▶ _What the task asks_: The answer should contain each record below, repeated exactly.

▶ _Data_:
▼

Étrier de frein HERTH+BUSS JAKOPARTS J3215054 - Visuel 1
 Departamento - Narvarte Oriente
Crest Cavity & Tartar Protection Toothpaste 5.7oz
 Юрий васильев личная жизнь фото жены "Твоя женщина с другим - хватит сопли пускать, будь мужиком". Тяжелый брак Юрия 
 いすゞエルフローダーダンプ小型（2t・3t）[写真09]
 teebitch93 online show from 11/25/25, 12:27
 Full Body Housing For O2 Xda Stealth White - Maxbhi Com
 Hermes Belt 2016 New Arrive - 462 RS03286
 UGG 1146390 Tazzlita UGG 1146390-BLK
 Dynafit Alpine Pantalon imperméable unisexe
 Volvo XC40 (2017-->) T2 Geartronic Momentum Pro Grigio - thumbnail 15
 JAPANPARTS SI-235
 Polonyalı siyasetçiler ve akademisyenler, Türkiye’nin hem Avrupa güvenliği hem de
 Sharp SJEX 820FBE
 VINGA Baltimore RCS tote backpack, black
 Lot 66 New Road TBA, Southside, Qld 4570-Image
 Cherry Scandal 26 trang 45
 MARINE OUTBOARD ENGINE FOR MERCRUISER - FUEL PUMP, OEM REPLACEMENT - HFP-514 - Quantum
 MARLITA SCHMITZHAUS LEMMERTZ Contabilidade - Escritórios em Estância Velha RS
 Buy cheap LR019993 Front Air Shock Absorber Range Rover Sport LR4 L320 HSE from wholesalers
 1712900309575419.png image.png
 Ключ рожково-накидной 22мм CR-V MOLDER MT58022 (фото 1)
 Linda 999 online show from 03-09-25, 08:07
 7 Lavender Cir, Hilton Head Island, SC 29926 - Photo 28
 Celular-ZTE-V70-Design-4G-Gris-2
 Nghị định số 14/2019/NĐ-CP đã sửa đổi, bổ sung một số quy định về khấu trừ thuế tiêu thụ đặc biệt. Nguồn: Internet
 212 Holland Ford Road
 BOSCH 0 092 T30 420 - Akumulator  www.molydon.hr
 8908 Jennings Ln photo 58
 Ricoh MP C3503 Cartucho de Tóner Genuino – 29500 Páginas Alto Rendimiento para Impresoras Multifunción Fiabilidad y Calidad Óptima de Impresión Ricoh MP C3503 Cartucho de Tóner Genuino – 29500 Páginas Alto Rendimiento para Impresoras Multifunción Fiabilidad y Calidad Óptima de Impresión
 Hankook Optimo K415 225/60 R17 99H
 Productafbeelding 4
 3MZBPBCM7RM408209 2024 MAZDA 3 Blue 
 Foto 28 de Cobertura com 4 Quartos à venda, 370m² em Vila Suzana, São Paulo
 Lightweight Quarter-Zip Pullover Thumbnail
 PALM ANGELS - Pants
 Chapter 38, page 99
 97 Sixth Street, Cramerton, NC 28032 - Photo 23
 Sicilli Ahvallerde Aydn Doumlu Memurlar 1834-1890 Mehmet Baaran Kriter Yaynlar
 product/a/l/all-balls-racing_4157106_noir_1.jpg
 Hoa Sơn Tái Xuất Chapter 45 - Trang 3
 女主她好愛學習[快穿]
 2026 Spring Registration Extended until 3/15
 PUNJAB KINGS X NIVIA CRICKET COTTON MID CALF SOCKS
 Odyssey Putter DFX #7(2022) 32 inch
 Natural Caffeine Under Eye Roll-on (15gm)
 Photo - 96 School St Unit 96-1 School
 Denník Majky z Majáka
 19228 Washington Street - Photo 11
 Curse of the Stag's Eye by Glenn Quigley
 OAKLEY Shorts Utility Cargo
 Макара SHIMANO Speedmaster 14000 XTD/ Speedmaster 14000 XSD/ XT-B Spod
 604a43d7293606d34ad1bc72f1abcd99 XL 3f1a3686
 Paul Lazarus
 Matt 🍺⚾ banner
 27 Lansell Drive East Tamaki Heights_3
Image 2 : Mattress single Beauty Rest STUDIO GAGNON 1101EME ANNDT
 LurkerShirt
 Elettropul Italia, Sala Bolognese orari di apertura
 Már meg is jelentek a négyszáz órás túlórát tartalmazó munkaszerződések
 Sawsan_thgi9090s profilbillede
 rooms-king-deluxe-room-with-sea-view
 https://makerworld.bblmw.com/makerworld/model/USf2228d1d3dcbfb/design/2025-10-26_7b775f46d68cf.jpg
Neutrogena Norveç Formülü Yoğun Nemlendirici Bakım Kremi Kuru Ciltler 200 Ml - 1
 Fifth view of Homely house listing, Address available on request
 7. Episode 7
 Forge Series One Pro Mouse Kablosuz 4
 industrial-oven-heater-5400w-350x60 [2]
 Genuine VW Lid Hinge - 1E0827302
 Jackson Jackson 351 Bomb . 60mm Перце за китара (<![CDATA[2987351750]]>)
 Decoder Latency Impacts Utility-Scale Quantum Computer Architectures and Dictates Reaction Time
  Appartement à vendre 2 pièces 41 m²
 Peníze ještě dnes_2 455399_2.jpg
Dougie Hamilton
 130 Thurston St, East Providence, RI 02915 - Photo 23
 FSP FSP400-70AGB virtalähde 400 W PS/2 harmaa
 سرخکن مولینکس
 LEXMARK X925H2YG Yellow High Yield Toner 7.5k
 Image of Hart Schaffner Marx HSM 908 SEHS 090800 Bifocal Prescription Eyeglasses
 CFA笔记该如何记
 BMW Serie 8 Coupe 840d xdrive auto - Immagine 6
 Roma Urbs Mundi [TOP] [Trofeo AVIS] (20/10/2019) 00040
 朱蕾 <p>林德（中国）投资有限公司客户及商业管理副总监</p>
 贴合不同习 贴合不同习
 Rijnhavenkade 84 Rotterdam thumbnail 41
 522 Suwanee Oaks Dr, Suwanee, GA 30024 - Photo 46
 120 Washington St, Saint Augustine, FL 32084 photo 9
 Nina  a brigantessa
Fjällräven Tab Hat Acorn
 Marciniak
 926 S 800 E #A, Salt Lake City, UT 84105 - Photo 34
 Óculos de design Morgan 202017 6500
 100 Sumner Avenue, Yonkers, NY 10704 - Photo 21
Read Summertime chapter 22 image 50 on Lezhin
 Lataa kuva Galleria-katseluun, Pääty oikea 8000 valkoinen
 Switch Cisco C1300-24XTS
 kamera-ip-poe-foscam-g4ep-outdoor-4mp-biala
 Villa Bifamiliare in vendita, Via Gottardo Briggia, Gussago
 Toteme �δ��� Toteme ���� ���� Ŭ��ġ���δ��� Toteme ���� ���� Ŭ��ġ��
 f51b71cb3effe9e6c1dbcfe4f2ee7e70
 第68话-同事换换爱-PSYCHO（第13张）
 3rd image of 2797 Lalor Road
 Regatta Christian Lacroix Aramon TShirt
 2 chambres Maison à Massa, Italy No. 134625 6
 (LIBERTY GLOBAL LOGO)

▲

▶ _Exercise output_:
Étrier de frein HERTH+BUSS JAKOPARTS J3215054 - Visuel 1
 Departamento - Narvarte Oriente
Crest Cavity & Tartar Protection Toothpaste 5.7oz
 Юрий васильев личная жизнь фото жены "Твоя женщина с другим - хватит сопли пускать, будь мужиком". Тяжелый брак Юрия 
 いすゞエルフローダーダンプ小型（2t・3t）[写真09]
 teebitch93 online show from 11/25/25, 12:27
 Full Body Housing For O2 Xda Stealth White - Maxbhi Com
 Hermes Belt 2016 New Arrive - 462 RS03286
 UGG 1146390 Tazzlita UGG 1146390-BLK
 Dynafit Alpine Pantalon imperméable unisexe
 Volvo XC40 (2017-->) T2 Geartronic Momentum Pro Grigio - thumbnail 15
 JAPANPARTS SI-235
 Polonyalı siyasetçiler ve akademisyenler, Türkiye’nin hem Avrupa güvenliği hem de
 Sharp SJEX 820FBE
 VINGA Baltimore RCS tote backpack, black
 Lot 66 New Road TBA, Southside, Qld 4570-Image
 Cherry Scandal 26 trang 45
 MARINE OUTBOARD ENGINE FOR MERCRUISER - FUEL PUMP, OEM REPLACEMENT - HFP-514 - Quantum
 MARLITA SCHMITZHAUS LEMMERTZ Contabilidade - Escritórios em Estância Velha RS
 Buy cheap LR019993 Front Air Shock Absorber Range Rover Sport LR4 L320 HSE from wholesalers
 1712900309575419.png image.png
 Ключ рожково-накидной 22мм CR-V MOLDER MT58022 (фото 1)
 Linda 999 online show from 03-09-25, 08:07
 7 Lavender Cir, Hilton Head Island, SC 29926 - Photo 28
 Celular-ZTE-V70-Design-4G-Gris-2
 Nghị định số 14/2019/NĐ-CP đã sửa đổi, bổ sung một số quy định về khấu trừ thuế tiêu thụ đặc biệt. Nguồn: Internet
 212 Holland Ford Road
 BOSCH 0 092 T30 420 - Akumulator  www.molydon.hr
 8908 Jennings Ln photo 58
 Ricoh MP C3503 Cartucho de Tóner Genuino – 29500 Páginas Alto Rendimiento para Impresoras Multifunción Fiabilidad y Calidad Óptima de Impresión Ricoh MP C3503 Cartucho de Tóner Genuino – 29500 Páginas Alto Rendimiento para Impresoras Multifunción Fiabilidad y Calidad Óptima de Impresión
 Hankook Optimo K415 225/60 R17 99H
 Productafbeelding 4
 3MZBPBCM7RM408209 2024 MAZDA 3 Blue 
 Foto 28 de Cobertura com 4 Quartos à venda, 370m² em Vila Suzana, São Paulo
 Lightweight Quarter-Zip Pullover Thumbnail
 PALM ANGELS - Pants
 Chapter 38, page 99
 97 Sixth Street, Cramerton, NC 28032 - Photo 23
 Sicilli Ahvallerde Aydn Doumlu Memurlar 1834-1890 Mehmet Baaran Kriter Yaynlar
 product/a/l/all-balls-racing_4157106_noir_1.jpg
 Hoa Sơn Tái Xuất Chapter 45 - Trang 3
 女主她好愛學習[快穿]
 2026 Spring Registration Extended until 3/15
 PUNJAB KINGS X NIVIA CRICKET COTTON MID CALF SOCKS
 Odyssey Putter DFX #7(2022) 32 inch
 Natural Caffeine Under Eye Roll-on (15gm)
 Photo - 96 School St Unit 96-1 School
 Denník Majky z Majáka
 19228 Washington Street - Photo 11
 Curse of the Stag's Eye by Glenn Quigley
 OAKLEY Shorts Utility Cargo
 Макара SHIMANO Speedmaster 14000 XTD/ Speedmaster 14000 XSD/ XT-B Spod
 604a43d7293606d34ad1bc72f1abcd99 XL 3f1a3686
 Paul Lazarus
 Matt 🍺⚾ banner
 27 Lansell Drive East Tamaki Heights_3
Image 2 : Mattress single Beauty Rest STUDIO GAGNON 1101EME ANNDT
 LurkerShirt
 Elettropul Italia, Sala Bolognese orari di apertura
 Már meg is jelentek a négyszáz órás túlórát tartalmazó munkaszerződések
 Sawsan_thgi9090s profilbillede
 rooms-king-deluxe-room-with-sea-view
 https://makerworld.bblmw.com/makerworld/model/USf2228d1d3dcbfb/design/2025-10-26_7b775f46d68cf.jpg
Neutrogena Norveç Formülü Yoğun Nemlendirici Bakım Kremi Kuru Ciltler 200 Ml - 1
 Fifth view of Homely house listing, Address available on request
 7. Episode 7
 Forge Series One Pro Mouse Kablosuz 4
 industrial-oven-heater-5400w-350x60 [2]
 Genuine VW Lid Hinge - 1E0827302
 Jackson Jackson 351 Bomb . 60mm Перце за китара (<![CDATA[2987351750]]>)
 Decoder Latency Impacts Utility-Scale Quantum Computer Architectures and Dictates Reaction Time
  Appartement à vendre 2 pièces 41 m²
 Peníze ještě dnes_2 455399_2.jpg
Dougie Hamilton
 130 Thurston St, East Providence, RI 02915 - Photo 23
 FSP FSP400-70AGB virtalähde 400 W PS/2 harmaa
 سرخکن مولینکس
 LEXMARK X925H2YG Yellow High Yield Toner 7.5k
 Image of Hart Schaffner Marx HSM 908 SEHS 090800 Bifocal Prescription Eyeglasses
 CFA笔记该如何记
 BMW Serie 8 Coupe 840d xdrive auto - Immagine 6
 Roma Urbs Mundi [TOP] [Trofeo AVIS] (20/10/2019) 00040
 朱蕾 <p>林德（中国）投资有限公司客户及商业管理副总监</p>
 贴合不同习 贴合不同习
 Rijnhavenkade 84 Rotterdam thumbnail 41
 522 Suwanee Oaks Dr, Suwanee, GA 30024 - Photo 46
 120 Washington St, Saint Augustine, FL 32084 photo 9
 Nina  a brigantessa
Fjällräven Tab Hat Acorn
 Marciniak
 926 S 800 E #A, Salt Lake City, UT 84105 - Photo 34
 Óculos de design Morgan 202017 6500
 100 Sumner Avenue, Yonkers, NY 10704 - Photo 21
Read Summertime chapter 22 image 50 on Lezhin
 Lataa kuva Galleria-katseluun, Pääty oikea 8000 valkoinen
 Switch Cisco C1300-24XTS
 kamera-ip-poe-foscam-g4ep-outdoor-4mp-biala
 Villa Bifamiliare in vendita, Via Gottardo Briggia, Gussago
 Toteme �δ��� Toteme ���� ���� Ŭ��ġ���δ��� Toteme ���� ���� Ŭ��ġ��
 f51b71cb3effe9e6c1dbcfe4f2ee7e70
 第68话-同事换换爱-PSYCHO（第13张）
 3rd image of 2797 Lalor Road
 Regatta Christian Lacroix Aramon TShirt
 2 chambres Maison à Massa, Italy No. 134625 6
 (LIBERTY GLOBAL LOGO)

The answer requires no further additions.